◆ Problem
A faithful copy of the entries is needed, one that leaves out the pictures.

Records from a collection

════════════════

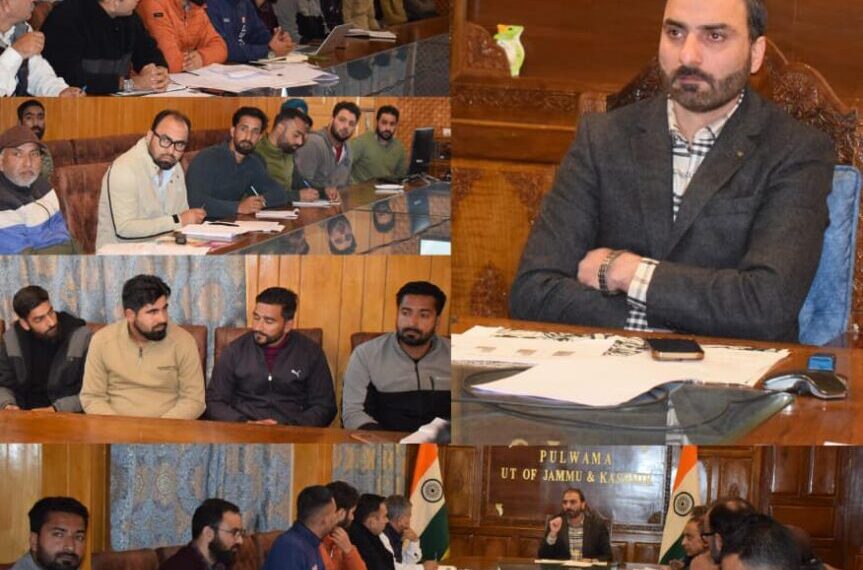 DC Pulwama reviews progress of RDSS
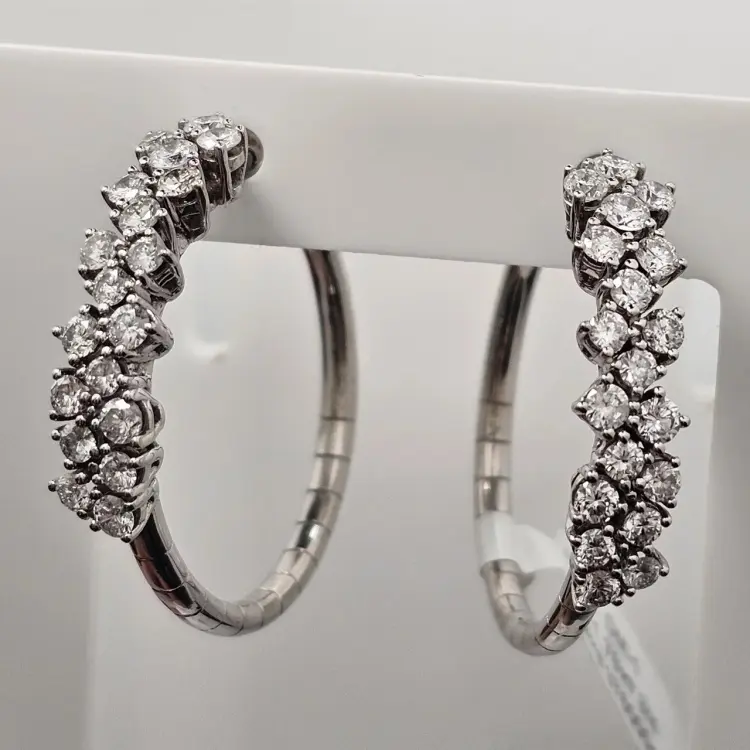 Серьги Deimantas 117308019 вес 10.25 г золото, бриллиант купить,NaN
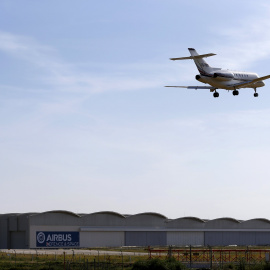 Un avión se prepara para aterrizar al lado de la planta de ensamblaje de Airbus Defensa y del Espacio en la capital andaluza de Sevilla el pasado 10 de mayo./ REUTERS / Marcelo del Pozo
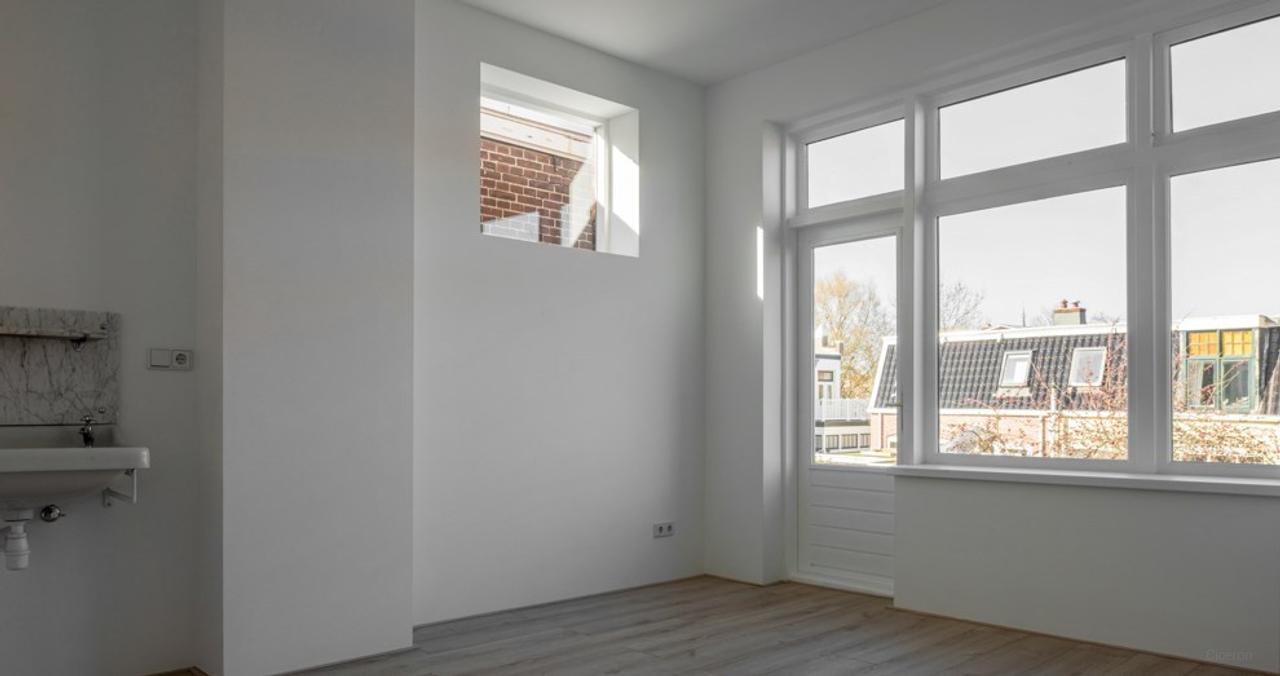 Gas-Free Family Home with Deep Garden - Image 12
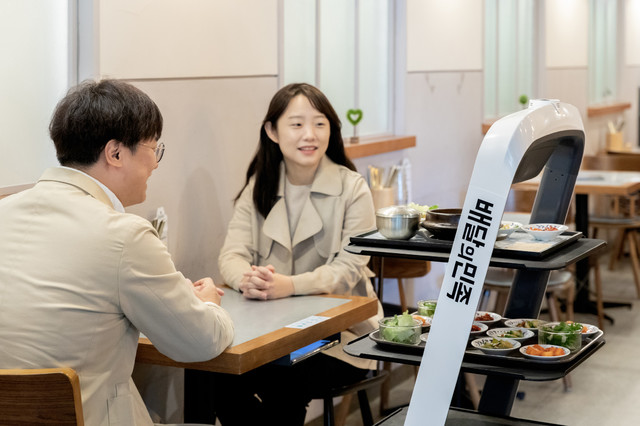 ▲우아한형제들 서빙로봇 '딜리플레이트'의 서빙 전경 (사진=우아한형제들 제공) 2020.02.04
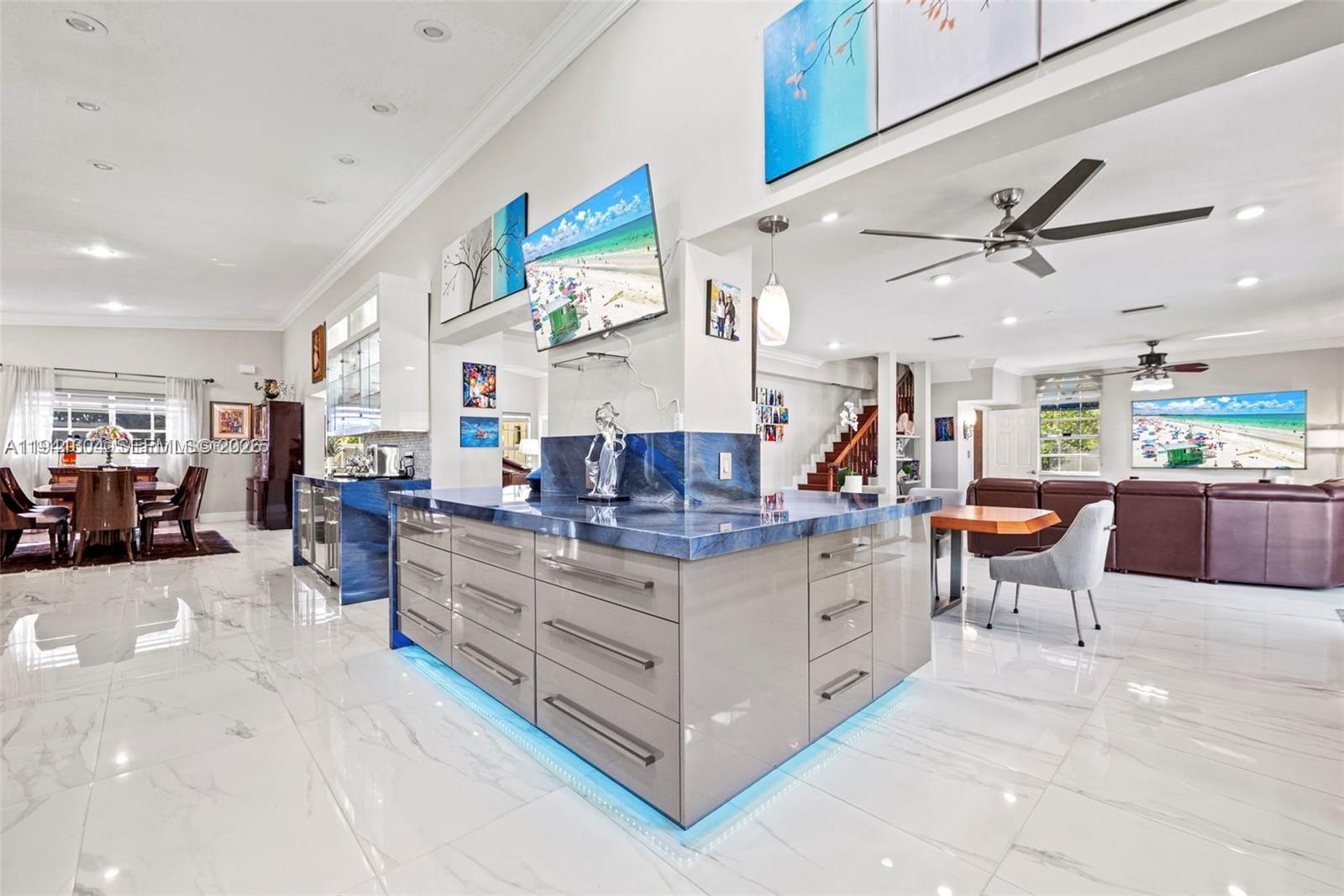 GREYKNOLL ESTATES - Residential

════════════════

◆ Output
 DC Pulwama reviews progress of RDSS
 Серьги Deimantas 117308019 вес 10.25 г золото, бриллиант купить,NaN
 Un avión se prepara para aterrizar al lado de la planta de ensamblaje de Airbus Defensa y del Espacio en la capital andaluza de Sevilla el pasado 10 de mayo./ REUTERS / Marcelo del Pozo
 Gas-Free Family Home with Deep Garden - Image 12
 ▲우아한형제들 서빙로봇 '딜리플레이트'의 서빙 전경 (사진=우아한형제들 제공) 2020.02.04
 GREYKNOLL ESTATES - Residential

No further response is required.